Sir Mix-A-Lot talks with Dick Spady during 2013 preparations for the drive-in's 60th anniversary (Image: CHS)

Sir Mix-A-Lot talks with Dick Spady during 2013 preparations for the drive-in’s 60th anniversary (Image: CHS)

Dick Spady, the 92-year-old patriarch of the family that made Dick’s Drive-Ins an enduring part of Seattle culture, has died. The Seattle Times remembers Spady for his burgers — and his chain’s dedication to fair wages:

Throughout the years, Mr. Spady also took pride in offering the highest pay in the industry — well above minimum wage — as well as providing 100 percent paid health insurance coverage (part-time employees included) and giving more than $1 million in scholarships to employees. A 2012 Seattle Mayoral Proclamation for “Dick’s Drive-In Day” noted that the company boasted the lowest turnover rate in the industry, and that at the time, it had provided more than $1 million “to support local homeless charities, disaster relief efforts around the world, and public engagement efforts in Seattle, King County, and now statewide.”
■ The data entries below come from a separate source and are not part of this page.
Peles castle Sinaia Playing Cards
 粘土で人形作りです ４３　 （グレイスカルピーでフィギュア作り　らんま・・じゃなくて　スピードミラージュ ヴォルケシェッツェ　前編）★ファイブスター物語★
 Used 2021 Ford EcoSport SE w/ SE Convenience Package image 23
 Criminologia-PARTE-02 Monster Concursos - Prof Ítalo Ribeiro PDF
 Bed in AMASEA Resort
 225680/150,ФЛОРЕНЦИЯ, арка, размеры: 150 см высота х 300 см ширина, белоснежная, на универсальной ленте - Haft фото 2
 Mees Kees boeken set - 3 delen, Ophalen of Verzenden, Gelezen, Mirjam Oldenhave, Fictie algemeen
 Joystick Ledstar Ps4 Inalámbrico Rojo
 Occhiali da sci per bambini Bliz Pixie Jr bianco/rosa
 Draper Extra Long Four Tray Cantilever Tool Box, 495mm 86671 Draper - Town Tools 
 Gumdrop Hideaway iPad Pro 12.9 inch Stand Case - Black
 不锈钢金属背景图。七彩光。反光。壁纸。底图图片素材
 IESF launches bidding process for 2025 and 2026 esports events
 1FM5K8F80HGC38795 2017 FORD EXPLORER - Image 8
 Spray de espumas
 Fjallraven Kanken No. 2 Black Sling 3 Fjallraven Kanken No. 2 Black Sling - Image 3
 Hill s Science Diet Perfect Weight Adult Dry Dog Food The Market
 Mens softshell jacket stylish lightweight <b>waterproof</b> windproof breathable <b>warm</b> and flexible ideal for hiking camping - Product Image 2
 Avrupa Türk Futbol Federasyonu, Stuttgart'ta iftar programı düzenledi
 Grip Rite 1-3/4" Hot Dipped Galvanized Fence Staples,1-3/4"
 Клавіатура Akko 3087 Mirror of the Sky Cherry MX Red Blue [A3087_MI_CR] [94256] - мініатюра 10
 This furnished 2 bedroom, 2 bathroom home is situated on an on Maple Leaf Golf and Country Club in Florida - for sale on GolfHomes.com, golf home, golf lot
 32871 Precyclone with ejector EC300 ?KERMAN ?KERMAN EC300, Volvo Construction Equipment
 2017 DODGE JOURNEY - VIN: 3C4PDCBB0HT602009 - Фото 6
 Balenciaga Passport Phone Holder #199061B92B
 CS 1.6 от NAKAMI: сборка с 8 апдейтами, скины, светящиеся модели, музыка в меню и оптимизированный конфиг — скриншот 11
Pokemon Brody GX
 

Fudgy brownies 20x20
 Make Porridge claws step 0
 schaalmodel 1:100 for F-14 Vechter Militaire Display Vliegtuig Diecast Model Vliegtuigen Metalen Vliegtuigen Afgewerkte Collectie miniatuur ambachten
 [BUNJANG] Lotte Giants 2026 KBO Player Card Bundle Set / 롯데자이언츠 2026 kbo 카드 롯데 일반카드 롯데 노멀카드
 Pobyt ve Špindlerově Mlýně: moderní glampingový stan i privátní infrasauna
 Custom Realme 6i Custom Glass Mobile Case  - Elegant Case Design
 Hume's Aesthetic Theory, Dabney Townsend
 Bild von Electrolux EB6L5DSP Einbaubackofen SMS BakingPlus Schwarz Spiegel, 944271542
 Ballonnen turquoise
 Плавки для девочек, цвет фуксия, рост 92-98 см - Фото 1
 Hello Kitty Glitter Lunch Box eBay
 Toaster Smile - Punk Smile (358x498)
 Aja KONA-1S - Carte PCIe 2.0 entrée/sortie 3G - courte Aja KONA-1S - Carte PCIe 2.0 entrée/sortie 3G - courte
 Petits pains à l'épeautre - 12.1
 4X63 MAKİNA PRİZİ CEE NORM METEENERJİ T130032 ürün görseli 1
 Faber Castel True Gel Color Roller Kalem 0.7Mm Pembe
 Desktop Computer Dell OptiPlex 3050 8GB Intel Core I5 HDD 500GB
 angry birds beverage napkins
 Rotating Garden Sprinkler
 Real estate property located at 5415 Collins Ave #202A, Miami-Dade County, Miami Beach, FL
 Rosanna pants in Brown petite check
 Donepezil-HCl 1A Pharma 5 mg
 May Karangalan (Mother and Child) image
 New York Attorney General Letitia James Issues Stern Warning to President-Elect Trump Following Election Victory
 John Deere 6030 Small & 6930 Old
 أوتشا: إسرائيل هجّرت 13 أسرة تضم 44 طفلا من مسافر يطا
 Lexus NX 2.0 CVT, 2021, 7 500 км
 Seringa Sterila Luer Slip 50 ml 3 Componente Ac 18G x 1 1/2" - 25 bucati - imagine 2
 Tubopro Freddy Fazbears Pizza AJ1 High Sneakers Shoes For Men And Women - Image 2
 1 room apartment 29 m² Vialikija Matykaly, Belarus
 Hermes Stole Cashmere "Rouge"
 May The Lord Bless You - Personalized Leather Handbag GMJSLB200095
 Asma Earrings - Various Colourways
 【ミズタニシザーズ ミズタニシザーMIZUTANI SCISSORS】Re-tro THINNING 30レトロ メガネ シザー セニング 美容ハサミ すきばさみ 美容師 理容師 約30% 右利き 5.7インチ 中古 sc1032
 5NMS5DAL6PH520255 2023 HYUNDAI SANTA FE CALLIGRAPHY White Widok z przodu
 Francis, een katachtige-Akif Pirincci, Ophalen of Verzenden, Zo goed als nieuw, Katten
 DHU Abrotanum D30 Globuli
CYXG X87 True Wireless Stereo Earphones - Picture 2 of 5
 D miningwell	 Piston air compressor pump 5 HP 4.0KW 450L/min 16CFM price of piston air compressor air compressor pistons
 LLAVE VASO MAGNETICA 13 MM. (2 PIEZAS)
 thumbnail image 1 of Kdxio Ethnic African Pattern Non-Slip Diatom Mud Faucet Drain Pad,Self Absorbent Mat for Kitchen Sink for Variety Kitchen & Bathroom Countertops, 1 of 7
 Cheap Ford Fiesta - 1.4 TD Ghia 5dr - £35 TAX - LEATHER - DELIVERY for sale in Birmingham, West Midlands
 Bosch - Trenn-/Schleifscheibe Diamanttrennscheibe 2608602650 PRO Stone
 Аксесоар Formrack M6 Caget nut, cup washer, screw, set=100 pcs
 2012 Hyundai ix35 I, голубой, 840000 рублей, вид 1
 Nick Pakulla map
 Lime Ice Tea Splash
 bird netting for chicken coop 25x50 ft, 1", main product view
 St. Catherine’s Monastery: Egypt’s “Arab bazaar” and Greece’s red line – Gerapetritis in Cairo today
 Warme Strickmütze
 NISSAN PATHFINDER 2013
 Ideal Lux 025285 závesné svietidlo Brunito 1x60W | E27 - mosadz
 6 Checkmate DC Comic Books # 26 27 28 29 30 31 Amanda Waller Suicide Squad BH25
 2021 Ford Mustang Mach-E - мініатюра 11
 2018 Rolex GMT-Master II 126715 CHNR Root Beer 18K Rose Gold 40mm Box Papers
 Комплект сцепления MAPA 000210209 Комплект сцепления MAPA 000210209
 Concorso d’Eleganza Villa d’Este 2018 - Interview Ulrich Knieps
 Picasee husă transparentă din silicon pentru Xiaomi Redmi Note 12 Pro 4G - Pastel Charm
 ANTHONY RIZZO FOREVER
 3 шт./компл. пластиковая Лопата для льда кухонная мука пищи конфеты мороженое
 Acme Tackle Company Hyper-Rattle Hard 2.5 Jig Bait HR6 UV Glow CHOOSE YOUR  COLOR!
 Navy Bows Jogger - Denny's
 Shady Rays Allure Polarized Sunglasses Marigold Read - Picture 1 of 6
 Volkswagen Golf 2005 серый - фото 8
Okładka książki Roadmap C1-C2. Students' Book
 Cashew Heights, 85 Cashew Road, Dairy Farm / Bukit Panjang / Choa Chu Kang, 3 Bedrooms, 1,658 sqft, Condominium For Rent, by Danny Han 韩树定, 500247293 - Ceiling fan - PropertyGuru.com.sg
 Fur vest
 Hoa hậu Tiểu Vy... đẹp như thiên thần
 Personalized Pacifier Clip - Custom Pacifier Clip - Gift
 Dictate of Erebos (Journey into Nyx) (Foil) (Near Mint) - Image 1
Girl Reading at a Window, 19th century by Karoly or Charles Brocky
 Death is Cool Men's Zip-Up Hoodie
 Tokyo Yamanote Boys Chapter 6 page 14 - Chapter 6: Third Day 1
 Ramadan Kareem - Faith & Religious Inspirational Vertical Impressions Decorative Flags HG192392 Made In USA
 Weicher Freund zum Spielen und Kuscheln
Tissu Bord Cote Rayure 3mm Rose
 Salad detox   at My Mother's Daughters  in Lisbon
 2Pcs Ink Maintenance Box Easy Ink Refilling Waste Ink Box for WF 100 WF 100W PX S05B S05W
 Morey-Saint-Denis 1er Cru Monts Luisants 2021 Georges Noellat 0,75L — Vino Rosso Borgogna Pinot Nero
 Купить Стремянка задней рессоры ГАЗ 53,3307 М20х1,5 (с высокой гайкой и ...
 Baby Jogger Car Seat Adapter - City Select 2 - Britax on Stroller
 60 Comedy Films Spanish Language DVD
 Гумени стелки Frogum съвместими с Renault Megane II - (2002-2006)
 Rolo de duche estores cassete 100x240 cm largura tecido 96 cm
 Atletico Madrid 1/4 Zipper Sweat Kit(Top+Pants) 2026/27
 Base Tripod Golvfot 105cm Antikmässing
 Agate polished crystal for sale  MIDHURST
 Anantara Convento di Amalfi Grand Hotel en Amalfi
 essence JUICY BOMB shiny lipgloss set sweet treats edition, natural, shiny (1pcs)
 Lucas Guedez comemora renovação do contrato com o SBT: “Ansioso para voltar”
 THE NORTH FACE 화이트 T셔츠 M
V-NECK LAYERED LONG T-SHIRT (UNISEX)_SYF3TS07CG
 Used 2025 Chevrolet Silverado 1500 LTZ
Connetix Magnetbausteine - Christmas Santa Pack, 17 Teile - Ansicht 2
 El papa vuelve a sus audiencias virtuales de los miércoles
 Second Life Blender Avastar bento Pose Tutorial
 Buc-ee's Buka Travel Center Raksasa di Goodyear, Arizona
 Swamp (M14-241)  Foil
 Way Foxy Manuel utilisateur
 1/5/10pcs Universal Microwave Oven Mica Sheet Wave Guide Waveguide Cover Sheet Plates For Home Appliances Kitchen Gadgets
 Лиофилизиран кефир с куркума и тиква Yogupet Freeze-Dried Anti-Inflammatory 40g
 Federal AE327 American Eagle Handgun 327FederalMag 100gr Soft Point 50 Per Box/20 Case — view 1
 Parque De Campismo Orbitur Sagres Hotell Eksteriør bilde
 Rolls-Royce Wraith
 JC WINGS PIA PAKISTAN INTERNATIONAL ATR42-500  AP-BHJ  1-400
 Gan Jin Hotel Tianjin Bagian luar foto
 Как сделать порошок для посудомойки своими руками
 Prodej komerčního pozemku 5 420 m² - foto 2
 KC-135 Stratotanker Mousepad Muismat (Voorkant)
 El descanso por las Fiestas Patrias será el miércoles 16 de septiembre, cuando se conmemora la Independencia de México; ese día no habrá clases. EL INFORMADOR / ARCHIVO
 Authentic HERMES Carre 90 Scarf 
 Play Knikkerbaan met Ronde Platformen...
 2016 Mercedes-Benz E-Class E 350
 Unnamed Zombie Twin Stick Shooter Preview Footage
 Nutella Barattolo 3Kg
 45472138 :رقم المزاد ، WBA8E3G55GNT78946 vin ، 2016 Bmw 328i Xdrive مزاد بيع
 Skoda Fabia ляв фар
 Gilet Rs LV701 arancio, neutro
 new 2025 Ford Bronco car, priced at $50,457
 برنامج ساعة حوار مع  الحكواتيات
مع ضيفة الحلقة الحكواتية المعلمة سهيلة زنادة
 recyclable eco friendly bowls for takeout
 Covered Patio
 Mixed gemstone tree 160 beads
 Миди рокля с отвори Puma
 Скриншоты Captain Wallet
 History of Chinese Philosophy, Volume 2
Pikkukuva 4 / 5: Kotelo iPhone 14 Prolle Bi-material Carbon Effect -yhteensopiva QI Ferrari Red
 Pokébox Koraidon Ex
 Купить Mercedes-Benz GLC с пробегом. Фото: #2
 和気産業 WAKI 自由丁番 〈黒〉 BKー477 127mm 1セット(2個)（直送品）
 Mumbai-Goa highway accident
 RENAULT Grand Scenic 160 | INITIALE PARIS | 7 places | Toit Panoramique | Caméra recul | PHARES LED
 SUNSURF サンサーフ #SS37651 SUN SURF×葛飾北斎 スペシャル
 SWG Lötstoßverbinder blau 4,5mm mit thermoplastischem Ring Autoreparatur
Though it seems to hold a place as the quintessential Dick’s experience in Seattle, the Broadway Dick’s was the second burger joint Dick Spady opened after he got his start in Wallingford in 1954.

In 2013, the family-run business chose Broadway for its 60th anniversary celebration — a street party inspired in part by a Macklemore video shoot earlier that same summer. “If any Seattle artist gets three number one singles in a year, they can play the Dick’s roof,” Saul Spady told CHS at the time. “That’s the new standard.” For the Dick’s party, however, the big draw wasn’t Macklemore — Sir Mix-A-Lot, who had helped immortalize the drive-in with a verse in My Posse’s on Broadway, rocked Broadway at Dick’s 60th birthday party.

The Broadway drive-in has remained essentially unchanged since it opened in 1955 and the years the Spady family called Capitol Hill home. Today, the property is owned by Nancy Sandbloom after a 1995 “estate settlement” transferred ownership from Dick’s. Its stretch of Broadway has been busy with investment and planning as the development plans for the light rail station across the street takes shape. Meanwhile, the parcel home to the Broadway post office is being prepared a six-story mixed-use development and the land to the west and to the north of Dick’s has been redeveloped.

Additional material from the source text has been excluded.